Specifically, I was asked to do some of the patriotic readings in an event that includes a score of great American songs — not to mention Debbie Reynolds, Cyndi Lauper, Arlo Guthrie, and a wonderful young gospel singer named Renese King. It's a little different from what I usually do — but it's a lot of fun.
Elizabeth Vargas will anchor the bulk of the broadcast tonight. And senior producer Tom Nagorski has the preview.
We plan to start tonight with a story that may have profound implications for the future of medicine and technology. It begins with one man who was terminally ill, in a Kentucky hospital. Yesterday surgeons removed his heart and replaced it with an artificial pump, a device with no wires connecting it to the outside world. It was the first time that a self-contained system had ever been implanted as a replacement for a human heart.
It's quite a story. And while it's too early to determine whether the operation has been a success, it is not too early to examine the consequences. John McKenzie is reporting on the surgery itself; we'll also check in with our medical editor, Dr. Timothy Johnson.
If medical history has been made in Kentucky, legal history has been made in a court in the Netherlands. For the first time, a former head of state faced a war crimes tribunal this morning. Even some of the world's more hopeful diplomats and jurists doubted this day would come; and when it did, the former Yugoslav leader Slobodan Milosevic minced no words. He called the court "an illegal organ," accused NATO of "crimes" committed against his people, and when asked whether he wanted the indictment read aloud, Milosevic snapped, "That's your problem." Jim Wooten is at the war crimes tribunal in The Hague. And we've also spoken today with former U.N. Ambassador Richard Holbrooke, who probably has had more firsthand experience with Milosevic than any Western diplomat.

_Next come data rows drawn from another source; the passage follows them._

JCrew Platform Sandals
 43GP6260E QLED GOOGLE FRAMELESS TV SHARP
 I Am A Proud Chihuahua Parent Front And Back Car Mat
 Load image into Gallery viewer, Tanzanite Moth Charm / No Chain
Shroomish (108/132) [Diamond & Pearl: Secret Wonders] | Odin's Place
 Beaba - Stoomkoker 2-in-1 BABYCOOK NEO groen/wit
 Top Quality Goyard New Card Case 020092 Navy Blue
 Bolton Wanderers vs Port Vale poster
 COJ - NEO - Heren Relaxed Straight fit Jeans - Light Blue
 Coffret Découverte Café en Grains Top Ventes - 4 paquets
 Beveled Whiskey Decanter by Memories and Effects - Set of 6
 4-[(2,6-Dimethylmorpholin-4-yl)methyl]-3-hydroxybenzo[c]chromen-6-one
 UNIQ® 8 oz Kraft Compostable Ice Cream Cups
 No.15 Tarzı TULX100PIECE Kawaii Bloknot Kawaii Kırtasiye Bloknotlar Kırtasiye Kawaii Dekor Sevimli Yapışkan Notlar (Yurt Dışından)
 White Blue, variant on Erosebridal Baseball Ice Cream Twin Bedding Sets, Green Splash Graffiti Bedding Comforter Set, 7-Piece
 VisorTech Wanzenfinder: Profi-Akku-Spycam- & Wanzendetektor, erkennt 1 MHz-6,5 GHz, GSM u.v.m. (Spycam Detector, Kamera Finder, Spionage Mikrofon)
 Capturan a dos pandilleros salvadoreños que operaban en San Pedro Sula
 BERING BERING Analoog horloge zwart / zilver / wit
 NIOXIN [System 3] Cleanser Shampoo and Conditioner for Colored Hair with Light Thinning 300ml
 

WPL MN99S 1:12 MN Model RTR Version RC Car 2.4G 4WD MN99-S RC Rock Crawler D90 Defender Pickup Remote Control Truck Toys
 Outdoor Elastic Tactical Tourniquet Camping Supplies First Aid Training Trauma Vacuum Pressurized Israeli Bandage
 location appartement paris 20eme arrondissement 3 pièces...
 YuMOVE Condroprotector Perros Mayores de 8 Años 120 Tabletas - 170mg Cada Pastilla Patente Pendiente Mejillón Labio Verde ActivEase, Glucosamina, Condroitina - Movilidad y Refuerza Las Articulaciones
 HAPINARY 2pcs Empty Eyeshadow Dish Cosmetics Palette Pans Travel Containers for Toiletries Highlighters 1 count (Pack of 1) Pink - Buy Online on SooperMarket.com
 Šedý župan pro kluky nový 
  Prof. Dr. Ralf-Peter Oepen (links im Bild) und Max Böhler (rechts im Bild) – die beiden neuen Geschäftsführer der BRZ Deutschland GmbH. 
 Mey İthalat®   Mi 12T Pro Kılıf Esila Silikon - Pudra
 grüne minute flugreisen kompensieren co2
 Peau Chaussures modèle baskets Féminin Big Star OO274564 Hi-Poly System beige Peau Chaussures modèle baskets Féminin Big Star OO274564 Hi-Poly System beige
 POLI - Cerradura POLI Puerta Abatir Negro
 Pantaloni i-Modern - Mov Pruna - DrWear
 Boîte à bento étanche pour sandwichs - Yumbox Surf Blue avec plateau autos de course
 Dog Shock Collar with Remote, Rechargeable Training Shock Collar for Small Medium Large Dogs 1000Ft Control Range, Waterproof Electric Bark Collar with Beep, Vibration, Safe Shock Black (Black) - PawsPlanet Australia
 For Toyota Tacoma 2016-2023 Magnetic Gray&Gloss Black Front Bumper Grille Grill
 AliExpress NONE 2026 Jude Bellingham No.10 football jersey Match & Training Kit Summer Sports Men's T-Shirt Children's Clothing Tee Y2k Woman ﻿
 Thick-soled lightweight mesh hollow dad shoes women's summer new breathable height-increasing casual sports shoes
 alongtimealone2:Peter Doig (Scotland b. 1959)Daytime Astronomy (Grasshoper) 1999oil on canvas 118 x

Later in the broadcast, we'll take a Closer Look at the merits of the chase. As in, the high-speed car chase, in which police pursue suspects, and sometimes cause serious accidents. A National Highway Traffic Safety Administration study finds that 40 percent of all police pursuits result in an accident. With that in mind, we were surprised to learn about the state troopers who've been given expensive, high-performance sports cars to help them pursue suspected criminals. It's a controversial idea. Steve Osunsami has the story tonight.
And finally tonight, on the eve of the nation's 225th birthday, we'll have Peter's report on a national pastime that's looking for new recruits. Why is baseball such a tough sell for a lot of young people? Does Little League need a shot in the arm?
Hope you have a great Fourth of July. And we hope you'll join us tonight, and tomorrow, when Peter will have a terrific piece on the flag that inspired "The Star-Spangled Banner."